Liberal internationalists who had supported NATO’s intervention in Kosovo were divided amongst themselves by 2003. Many in the United States “wrestled with their consciences and took a stand in support of the liberation of the Iraqi people from tyranny.” In Europe, cosmopolitan intellectuals such as Jürgen Habermas struggled to differentiate Iraq’s “liberation” from the precedent set by NATO in Kosovo (which he had endorsed in an article tellingly named “Bestiality and Humanity.”)
The humanitarian intervention in Kosovo crowned the liberal internationalism of the 1990s—particularly in the triumphant states of global capitalism—with might, and as was also proposed, with a legitimate, exceptional right beyond “existing international law” on its side. It is in this context that the claims of “progressive” activists, intellectuals, lawyers, internationalists—faced as they were in 2003 with the occupation of Iraq by another “coalition of the willing”—need to be situated.
The World Tribunal on Iraq—constituted by a global network of antiwar activists, scholars, and lawyers from 2003 to 2005 to document untold violations committed by the occupying forces in Iraq—demonstrated the diversity, capaciousness, and sophistication of the movement that emerged across the globe to stop the war. This movement, acting “for the love of humanity” in its determined resistance to the imperial plunder of Iraq, affirmed the possibility of another internationalism in the twenty-first century. Its politics of transnational solidarity was anti-militarist but not, for that reason, uncombative. While its intervention into world affairs demonstrated the impasses of a transnational politics of human rights with anti-imperialist commitments, across the world, antiwar movements gave voice to the utter loss of legitimacy the United States and its allies continue to suffer in matters of global peace and justice.
After the disastrous consequences of the invasions of Afghanistan and Iraq, is “humanitarian intervention” to decline as a paradigm in international affairs? This is improbable as long as disagreements rage on the ethics and politics of violence and there exists desire for extending solidarity to humanity across differences and borders. The question is: if humanity is to be defended, who must do the defending, how, and with which consequences? Beyond humanity, if life on earth is to thrive or survive, who or what must take responsibility for what appears to be an impending catastrophe?
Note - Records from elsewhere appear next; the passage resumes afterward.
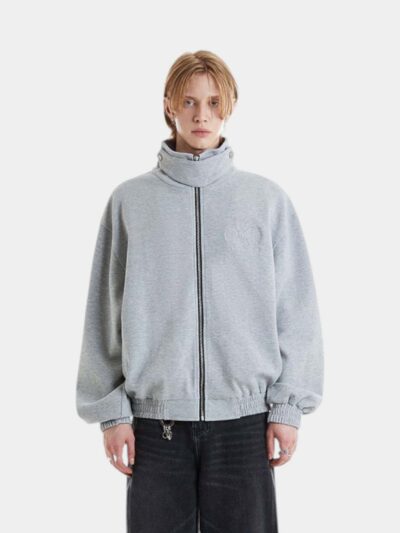 Unisex Regular Fit Langarm Zip-Jacke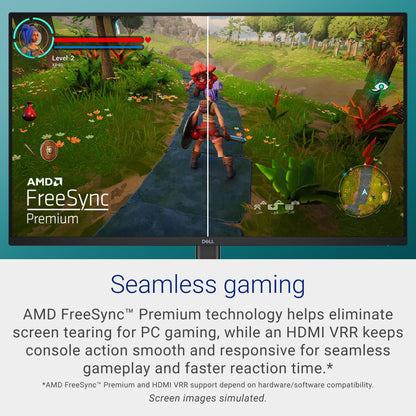 Dell 27 240Hz Gaming Monitor - SE2726HG - 27-inch FHD (1920x1080) 240Hz Display, in-Plane Switching (IPS) Technology, AMD FreeSync Premium, TÜV 3-Star, 2X HDMI, DisplayPort 1.4, Tilt Dell
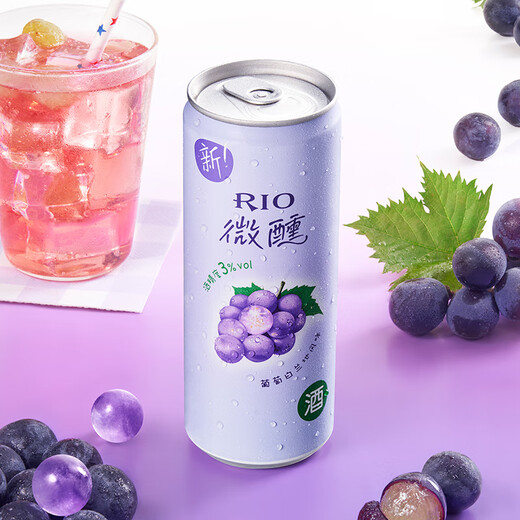 锐澳（RIO）洋酒预调鸡尾酒果酒微醺系列330ml3度口味自可选限定青梅龙井中秋 白桃白兰地*24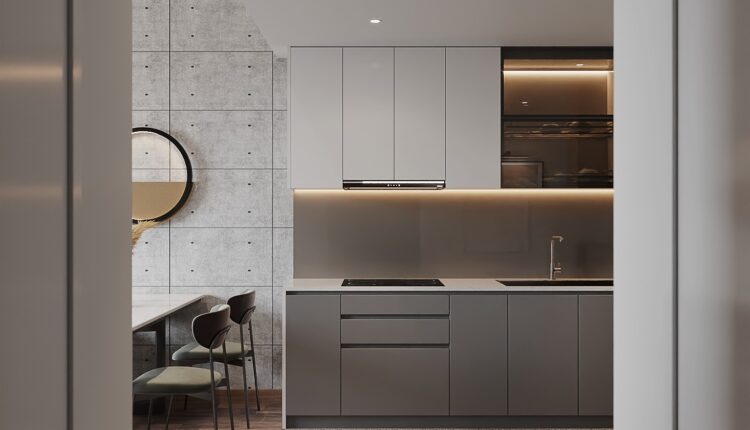 12269. 3D Living Room – Kitchen Interior Model Download By Nguyen Tuan Hai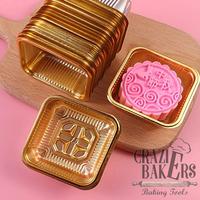 Gambar Tray Mika Mooncake Kue Bulan Plastik Gold - 63-80 g dari Crazie Bakers Baking Tools undefined 3 Tokopedia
Such questions cannot be settled once and for all; each generation has to confront them anew. Any volunteer for this task—from the anti-capitalist activist to the humanitarian warrior—must acknowledge the continuum of intervention that is already in place across time and space. In the last century, Walter Benjamin observed: “The tradition of the oppressed teaches us that ‘the state of emergency’ in which we live is not the exception but the rule. We must attain to a conception of history that is in keeping with this insight.” If our task, as Benjamin maintained, is to bring about “a real state of emergency,” it is neither late nor too early to imagine what that may be.
 Talal Asad (2010), “Thinking about terrorism and just war,” Cambridge Review of
International Affairs, 23:1, 3-24; Talal Asad (2015), “Reflections on Violence, Law and Humanitarianism,” Critical Inquiry, 41:2.
 Thomas Cushman, “Introduction,” in Thomas Cushman, ed. (2005), A Matter of Principle: Humanitarian Arguments for War in Iraq (Berkeley: University of California Press), p. 5.
 Ayça Çubukçu (2018), For the Love of Humanity: the World Tribunal on Iraq (Philadelphia: University of Pennsylvania Press).